もともとこのような串料理は中東の「ケバブ」がアラブ人を通じてマレー半島を下り、シンガポールまで伝わってきたもので、この料理を中国南部、福建省の華人たちがアレンジし、マレー半島全域で人気を博したのが100年ほど前の話。一本の串に肉の塊を三個通して焼き上げた料理はマレー半島の華人たちにその形態から「三塊」と表記され、福建語で「Sar Tae(サテー) 」と読みました。これが現在マレー半島全土で食べられる人気料理、「サテ」の由来です。ちなみに福建系の台湾語でも「三塊」はサテーと発音します。

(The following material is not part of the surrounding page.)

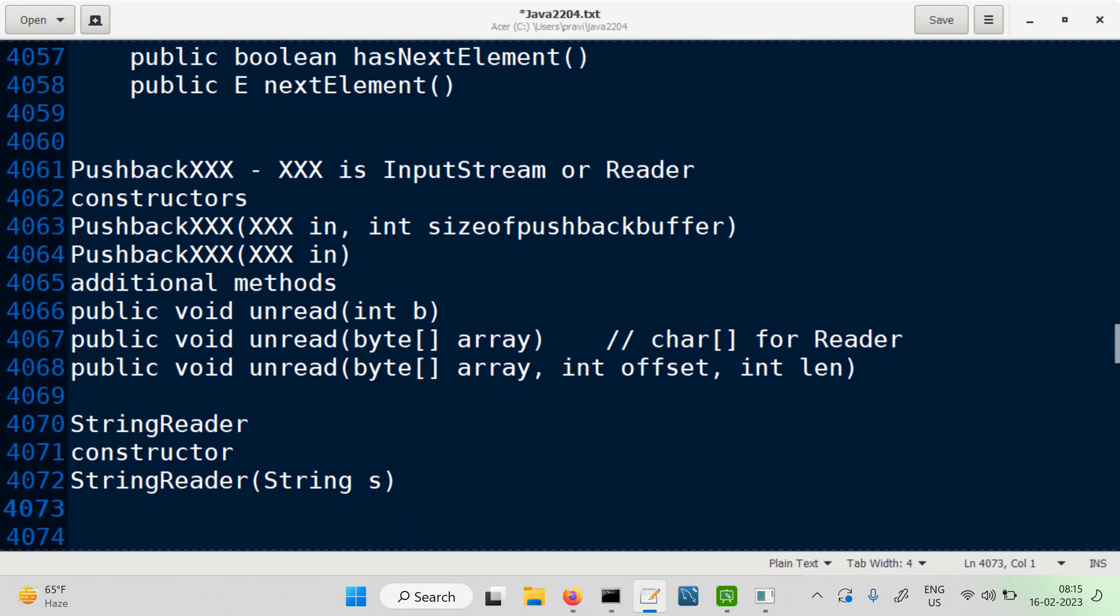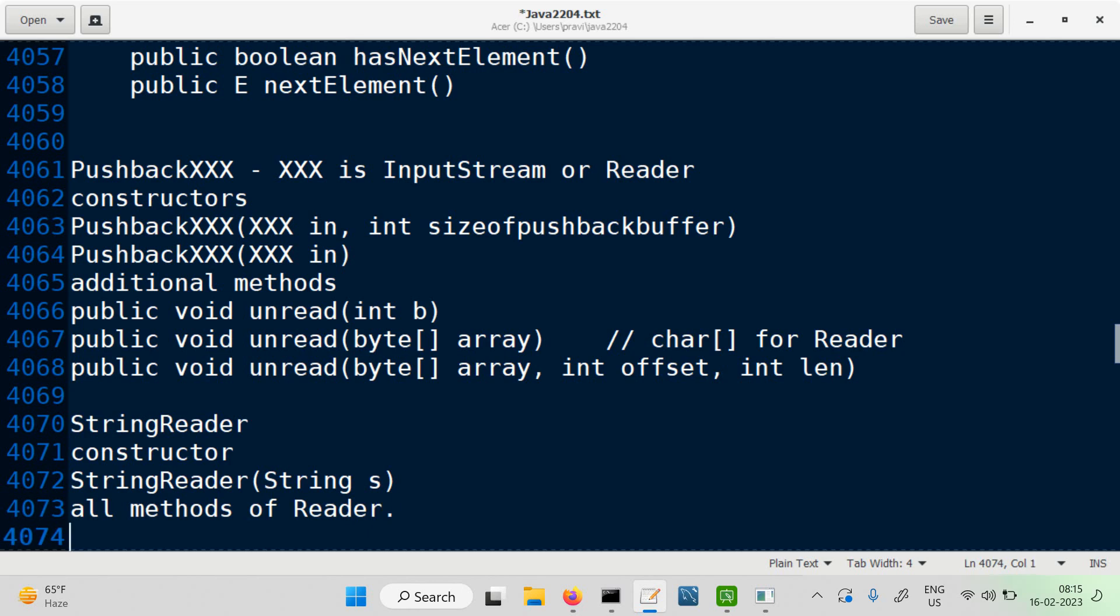Methods are the same as methods of Reader. Getting characters from a string, one by one, by using the read method.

この料理に使うピーナッツベースのソースをサテソースと呼び、特に台湾のものは原形を留めないほど変化してさまざまな料理に使われています。台湾の友人たちとサテソースを使った料理を食べる時はこの手のうんちくを語ってみてはいかがでしょうか?マレーシアならどこでも、シンガポールなら「老巴剎沙哆街」や「Satay Power」などのものが有名です(場所は後記)。

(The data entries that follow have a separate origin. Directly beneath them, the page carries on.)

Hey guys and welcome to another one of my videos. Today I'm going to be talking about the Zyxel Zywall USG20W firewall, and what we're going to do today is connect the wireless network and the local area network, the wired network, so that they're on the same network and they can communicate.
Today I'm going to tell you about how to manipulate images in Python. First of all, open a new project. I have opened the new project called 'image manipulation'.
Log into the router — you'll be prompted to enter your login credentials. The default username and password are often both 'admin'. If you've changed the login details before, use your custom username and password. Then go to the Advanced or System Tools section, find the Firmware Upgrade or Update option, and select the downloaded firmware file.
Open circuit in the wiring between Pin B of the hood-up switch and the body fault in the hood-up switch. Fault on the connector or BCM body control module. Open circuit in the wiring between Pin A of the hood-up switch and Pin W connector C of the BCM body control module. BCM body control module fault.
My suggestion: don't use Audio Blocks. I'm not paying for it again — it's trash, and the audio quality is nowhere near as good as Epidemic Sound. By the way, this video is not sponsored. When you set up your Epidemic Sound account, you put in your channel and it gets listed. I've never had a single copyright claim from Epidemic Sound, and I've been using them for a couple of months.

南国料理らしく本来は少し変わった材料を使いますが、一部日本でも手に入る類似の材料に変更しています。本来使う材料も併記してありますので、手に入れば使ってください。
異国情緒あふれるちょっと変わった焼き鳥の「サテ・アヤム」。それではレシピいってみましょう。 ソースと肉の処理部分の二段レシピです。
難易度:
☆☆
調理時間:
1時間以内 + 熟成
材料1:(サテソース)
マカダミアナッツ ……… 30個
ピーナッツパウダー ……… 500cc
サワーソース ……… 小さじ2
(本来はタマリンドパルプを使う)
ココナッツミルク ……… 500cc
サラダ油 ……… 100cc
(ピーナッツオイルでも良い)
熱湯 ……… 150cc
砂糖 ……… 大さじ3
塩 ……… 少々
材料2:(グランドペースト)
紫タマネギ ……… 2個
ニンニク ……… 6個
タバスコ ……… 小さじ2-3
レモングラス ……… 3-5g
干しエビ ……… 大さじ1
作り方:(サテソース)
1.紫タマネギ、ニンニク、タバスコ、レモングラス、干しエビをすり鉢に入れ、すりこ木ですりつぶしてよく混ぜ合わせる。ミキサーを使っても良い。これをグランドペーストと呼ぶ。
2.ボウルに熱水とサワークリームを入れ、よく混ぜ合わせる。タマリンドパルプを使う場合は、指などでつぶしながらよく混ぜ合わせ、混ぜながら繊維や種子を取り除く。
3.フライパンにサラダ油を入れ、作り方1のグランドペーストを加えて軽く焦げるまでソテーする。
4.作り方3のフライパンに作り方2のサワークリーム(タマリンドジュース)を加え、沸騰したらココナッツミルク、砂糖、塩を加えて味を調える。再び加熱して沸騰したら弱火にして10分ほどかき混ぜながらとろとろと加熱する。
5.ピーナッツとマカダミアナッツをミキサーなどで砕き、作り方4のフライパンに加え、弱火で加熱する。好みの粘度になったら火を止め、マレーシアン・サテソースの完成。
Point:
『台湾サテソース』と作り方を比べてみましょう。
とろみの調整は完全に好みです。水っぽいサテソースを好む人もいれば、粘りのあるサテソースを好む人もいます。お店によってもまちまちです。
手っ取り早く作りたい人はピーナッツ、サワークリーム(タマリンドパルプ)、サラダ油をピーナッツバターで置き換えても作れると思います。
レシピ通りに作るとかなり大量にできるので、ジャムの空き瓶などに入れて熱湯消毒した後、冷蔵庫などに保管しておきましょう。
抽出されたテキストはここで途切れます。